Well, I just had an adventure this past weekend.

Since it was my birthday, my girlfriend treated me to a weekend in beautiful Lugano, Switzerland which is right near the Italian border. Planning our route, we chose to drive through the famous Furka Pass and St. Gotthard Pass to traverse the Alps but little did we know that they're only open from June-October.:eek: Signs along the road indicated that the Furka was closed off but the 1st section was open so we went for it. Splendid scenery. Eventually, we reached a semi-barrier which a car could drive around. The barrier pole was up but there were warnings (in German ONLY!) about danger/driving at your own risk, etc...Feeling adventurous, we continued on...(simply to see how far we could get).

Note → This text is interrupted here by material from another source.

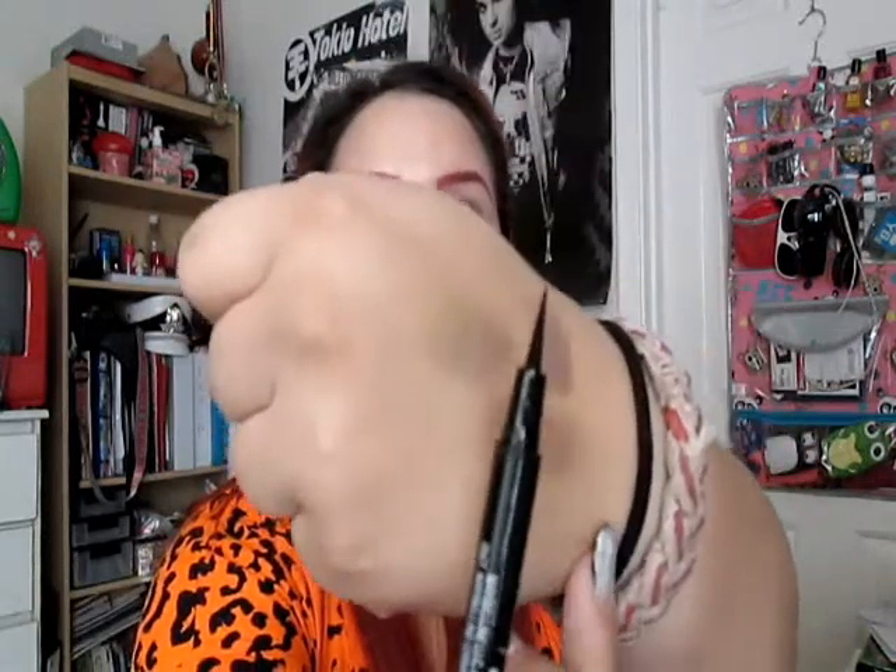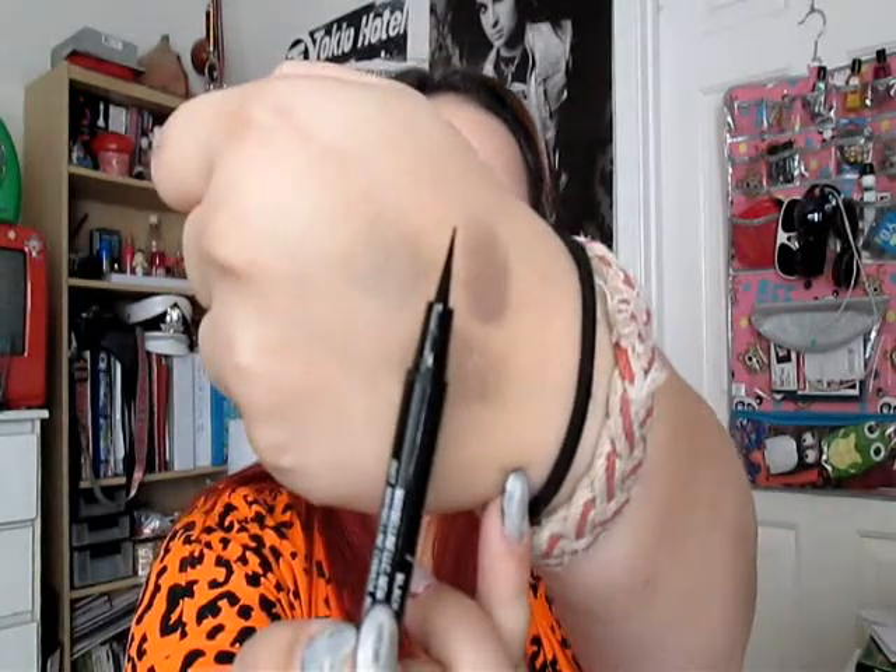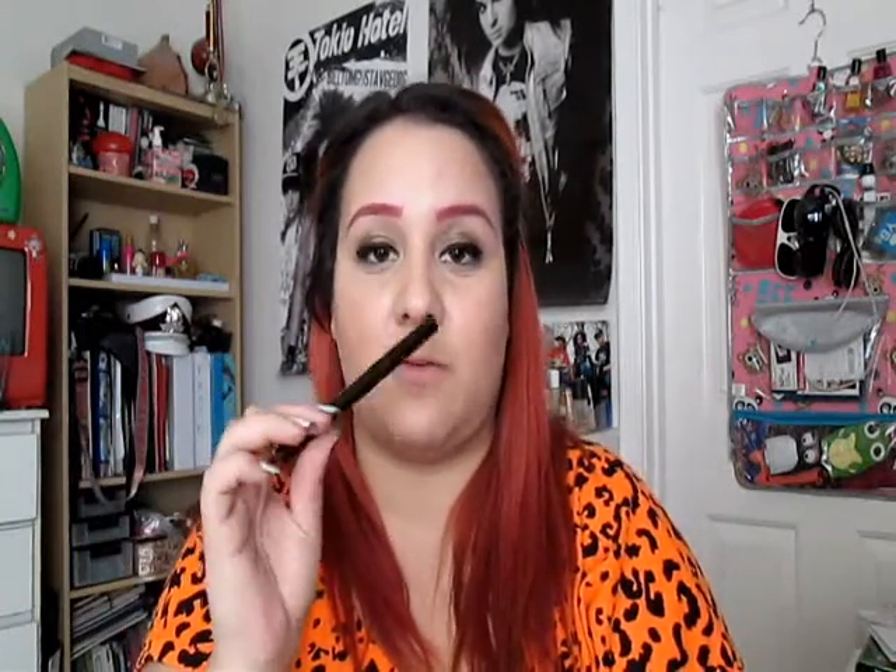Then I have my favorite eyeliner at the moment — this is the Master Precise black eyeliner by Maybelline New York, and it's just a felt tip liner. It's actually what I'm wearing right now. The formula is great and the felt tip is amazing — it doesn't fray, at least not yet. I definitely recommend this if you're looking for a good felt tip liquid liner.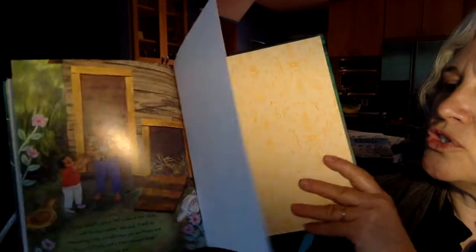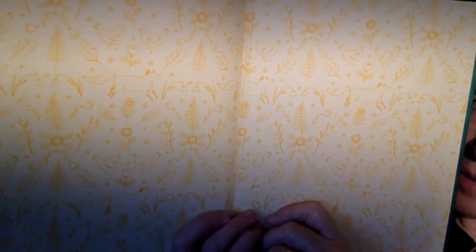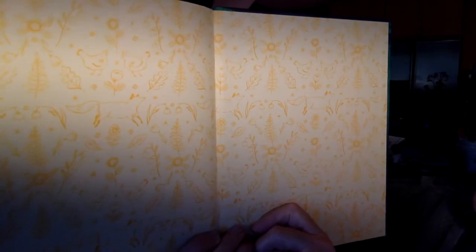That's a real good story for right now. And look — the endpapers are gorgeous with all those chickens, the feathers, and a fox as well. Thank you.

Evidence of recent avalanches were abundant. No living thing was in sight and we drove forward in solitude & bliss amongst the majesty of the surrounding mountains. The first tunnel we reached was a downward curve. Shortly after entering it we realized that the tunnel lights were shut off and it was pitch black so I hit the brakes because my girlfriend started freaking out. While reversing, another car with two dudes came up behind us. I waved for them to pass and they tore off into the darkness. Then I had to DRIVE BACKWARDS on these tight, twisty roads for about half a mile before finding a suitable place to turn around. While doing so, one of the rear wheels went over the edge and the car shifted!:eek: As my girlfriend SCREAMED, I got us level again and we were O.K. (Thank G_d for 4-wheel drive!) I can be pretty fearless at times but this moment gives me shivers just thinking about it!:eek:

Later down the road, I got out to take some photos and a few seconds after I shut the car door, heard ROCKS FALLING! Soon after that, the car with the 2 dudes came back down, too! Ha ha. Seems like it was really blocked off further ahead. (And that?s just ONE story! Heh heh.) Kind of a scary experience but...what a THRILL!:D
 

AnnieJones

New member
Routledge said:
Anyone been on or thought of going on their own Indy adventure?
The only places I get to go to are in the United States,but every time I travel I treat it like an adventure.:whip:
Especially when I'm going to a new place.;)
 

Mickiana

Well-known member
I dream of seeing many of the ancient wonders around the world: the Egyptian pyramids, the Sphinx, the (new)Alexandrian library, the Great Wall of China, the ziggurats, Machu Picchu, the Acropolis and Parthenon (whatever's left of them), Stonehenge and a host of others...
 

TrentPraeger

New member
I've been on an adventure in Belize. We canoed up the river to our campsite in the jungle, we explored the Xunantunich ruins, sailed to the islands to dive for conch shells, had a run in with a would-be bandit on the beach (one of the guys in our group chased him with a machete, until the cops stopped them both), and stayed for the month in a beach cabana. Easily the best adventure I've had yet.